→ YOUR TASK
Line by line, transcribe the records exactly.

(Items listed in a dataset)
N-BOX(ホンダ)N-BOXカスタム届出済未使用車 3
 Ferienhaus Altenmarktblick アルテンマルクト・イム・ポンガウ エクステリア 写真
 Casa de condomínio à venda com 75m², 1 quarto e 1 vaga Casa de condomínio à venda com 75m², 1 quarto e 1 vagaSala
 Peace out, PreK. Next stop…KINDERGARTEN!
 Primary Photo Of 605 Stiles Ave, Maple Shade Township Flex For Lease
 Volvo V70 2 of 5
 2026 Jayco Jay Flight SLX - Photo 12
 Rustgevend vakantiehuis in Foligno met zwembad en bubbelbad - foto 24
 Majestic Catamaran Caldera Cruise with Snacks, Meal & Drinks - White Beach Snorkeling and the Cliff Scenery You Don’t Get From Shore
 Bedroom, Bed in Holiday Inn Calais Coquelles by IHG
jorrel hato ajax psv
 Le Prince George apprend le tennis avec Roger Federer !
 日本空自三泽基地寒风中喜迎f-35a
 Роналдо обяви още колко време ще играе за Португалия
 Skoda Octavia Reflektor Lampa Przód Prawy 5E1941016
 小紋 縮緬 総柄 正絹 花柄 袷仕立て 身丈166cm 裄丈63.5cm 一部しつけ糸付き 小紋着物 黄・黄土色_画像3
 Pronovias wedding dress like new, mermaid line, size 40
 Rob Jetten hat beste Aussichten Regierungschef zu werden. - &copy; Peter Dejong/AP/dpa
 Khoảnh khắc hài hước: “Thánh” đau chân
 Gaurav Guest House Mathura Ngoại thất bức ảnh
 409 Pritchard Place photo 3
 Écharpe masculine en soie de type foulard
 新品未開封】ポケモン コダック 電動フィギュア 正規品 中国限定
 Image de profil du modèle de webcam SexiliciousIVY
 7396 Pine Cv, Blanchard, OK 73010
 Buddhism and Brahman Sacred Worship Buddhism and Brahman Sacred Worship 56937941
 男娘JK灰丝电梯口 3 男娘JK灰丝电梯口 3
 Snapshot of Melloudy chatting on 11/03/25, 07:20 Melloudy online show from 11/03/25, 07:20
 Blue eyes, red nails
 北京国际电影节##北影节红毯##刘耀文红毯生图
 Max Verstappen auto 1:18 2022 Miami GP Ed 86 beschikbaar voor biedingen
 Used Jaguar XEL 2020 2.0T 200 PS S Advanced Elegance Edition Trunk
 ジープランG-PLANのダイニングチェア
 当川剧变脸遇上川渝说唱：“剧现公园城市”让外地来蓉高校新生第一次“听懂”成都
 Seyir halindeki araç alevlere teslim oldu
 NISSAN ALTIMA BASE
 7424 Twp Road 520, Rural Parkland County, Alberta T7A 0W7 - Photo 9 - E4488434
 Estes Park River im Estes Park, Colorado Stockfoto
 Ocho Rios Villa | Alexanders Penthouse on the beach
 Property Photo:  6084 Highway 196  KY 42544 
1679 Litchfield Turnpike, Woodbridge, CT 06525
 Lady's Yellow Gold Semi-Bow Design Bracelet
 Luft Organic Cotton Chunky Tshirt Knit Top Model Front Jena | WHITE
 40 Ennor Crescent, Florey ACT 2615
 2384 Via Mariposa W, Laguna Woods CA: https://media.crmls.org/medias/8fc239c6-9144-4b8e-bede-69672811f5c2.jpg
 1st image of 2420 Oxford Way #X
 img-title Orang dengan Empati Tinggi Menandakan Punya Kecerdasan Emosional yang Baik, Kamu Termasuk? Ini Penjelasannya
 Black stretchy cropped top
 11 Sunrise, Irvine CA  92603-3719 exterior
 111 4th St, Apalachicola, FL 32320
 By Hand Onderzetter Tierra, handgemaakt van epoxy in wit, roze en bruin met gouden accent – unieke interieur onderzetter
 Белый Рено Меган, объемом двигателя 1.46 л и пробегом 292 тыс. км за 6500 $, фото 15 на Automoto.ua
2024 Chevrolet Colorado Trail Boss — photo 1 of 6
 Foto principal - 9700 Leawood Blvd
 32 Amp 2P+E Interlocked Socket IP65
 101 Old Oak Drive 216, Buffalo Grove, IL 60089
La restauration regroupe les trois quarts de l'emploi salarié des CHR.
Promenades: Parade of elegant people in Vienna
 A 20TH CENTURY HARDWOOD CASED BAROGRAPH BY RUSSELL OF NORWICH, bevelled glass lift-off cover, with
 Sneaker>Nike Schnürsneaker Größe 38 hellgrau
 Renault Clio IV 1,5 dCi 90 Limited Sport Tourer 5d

→ RESPONSE FOR THIS EXERCISE
N-BOX(ホンダ)N-BOXカスタム届出済未使用車 3
 Ferienhaus Altenmarktblick アルテンマルクト・イム・ポンガウ エクステリア 写真
 Casa de condomínio à venda com 75m², 1 quarto e 1 vaga Casa de condomínio à venda com 75m², 1 quarto e 1 vagaSala
 Peace out, PreK. Next stop…KINDERGARTEN!
 Primary Photo Of 605 Stiles Ave, Maple Shade Township Flex For Lease
 Volvo V70 2 of 5
 2026 Jayco Jay Flight SLX - Photo 12
 Rustgevend vakantiehuis in Foligno met zwembad en bubbelbad - foto 24
 Majestic Catamaran Caldera Cruise with Snacks, Meal & Drinks - White Beach Snorkeling and the Cliff Scenery You Don’t Get From Shore
 Bedroom, Bed in Holiday Inn Calais Coquelles by IHG
jorrel hato ajax psv
 Le Prince George apprend le tennis avec Roger Federer !
 日本空自三泽基地寒风中喜迎f-35a
 Роналдо обяви още колко време ще играе за Португалия
 Skoda Octavia Reflektor Lampa Przód Prawy 5E1941016
 小紋 縮緬 総柄 正絹 花柄 袷仕立て 身丈166cm 裄丈63.5cm 一部しつけ糸付き 小紋着物 黄・黄土色_画像3
 Pronovias wedding dress like new, mermaid line, size 40
 Rob Jetten hat beste Aussichten Regierungschef zu werden. - &copy; Peter Dejong/AP/dpa
 Khoảnh khắc hài hước: “Thánh” đau chân
 Gaurav Guest House Mathura Ngoại thất bức ảnh
 409 Pritchard Place photo 3
 Écharpe masculine en soie de type foulard
 新品未開封】ポケモン コダック 電動フィギュア 正規品 中国限定
 Image de profil du modèle de webcam SexiliciousIVY
 7396 Pine Cv, Blanchard, OK 73010
 Buddhism and Brahman Sacred Worship Buddhism and Brahman Sacred Worship 56937941
 男娘JK灰丝电梯口 3 男娘JK灰丝电梯口 3
 Snapshot of Melloudy chatting on 11/03/25, 07:20 Melloudy online show from 11/03/25, 07:20
 Blue eyes, red nails
 北京国际电影节##北影节红毯##刘耀文红毯生图
 Max Verstappen auto 1:18 2022 Miami GP Ed 86 beschikbaar voor biedingen
 Used Jaguar XEL 2020 2.0T 200 PS S Advanced Elegance Edition Trunk
 ジープランG-PLANのダイニングチェア
 当川剧变脸遇上川渝说唱：“剧现公园城市”让外地来蓉高校新生第一次“听懂”成都
 Seyir halindeki araç alevlere teslim oldu
 NISSAN ALTIMA BASE
 7424 Twp Road 520, Rural Parkland County, Alberta T7A 0W7 - Photo 9 - E4488434
 Estes Park River im Estes Park, Colorado Stockfoto
 Ocho Rios Villa | Alexanders Penthouse on the beach
 Property Photo:  6084 Highway 196  KY 42544 
1679 Litchfield Turnpike, Woodbridge, CT 06525
 Lady's Yellow Gold Semi-Bow Design Bracelet
 Luft Organic Cotton Chunky Tshirt Knit Top Model Front Jena | WHITE
 40 Ennor Crescent, Florey ACT 2615
 2384 Via Mariposa W, Laguna Woods CA: https://media.crmls.org/medias/8fc239c6-9144-4b8e-bede-69672811f5c2.jpg
 1st image of 2420 Oxford Way #X
 img-title Orang dengan Empati Tinggi Menandakan Punya Kecerdasan Emosional yang Baik, Kamu Termasuk? Ini Penjelasannya
 Black stretchy cropped top
 11 Sunrise, Irvine CA  92603-3719 exterior
 111 4th St, Apalachicola, FL 32320
 By Hand Onderzetter Tierra, handgemaakt van epoxy in wit, roze en bruin met gouden accent – unieke interieur onderzetter
 Белый Рено Меган, объемом двигателя 1.46 л и пробегом 292 тыс. км за 6500 $, фото 15 на Automoto.ua
2024 Chevrolet Colorado Trail Boss — photo 1 of 6
 Foto principal - 9700 Leawood Blvd
 32 Amp 2P+E Interlocked Socket IP65
 101 Old Oak Drive 216, Buffalo Grove, IL 60089
La restauration regroupe les trois quarts de l'emploi salarié des CHR.
Promenades: Parade of elegant people in Vienna
 A 20TH CENTURY HARDWOOD CASED BAROGRAPH BY RUSSELL OF NORWICH, bevelled glass lift-off cover, with
 Sneaker>Nike Schnürsneaker Größe 38 hellgrau
 Renault Clio IV 1,5 dCi 90 Limited Sport Tourer 5d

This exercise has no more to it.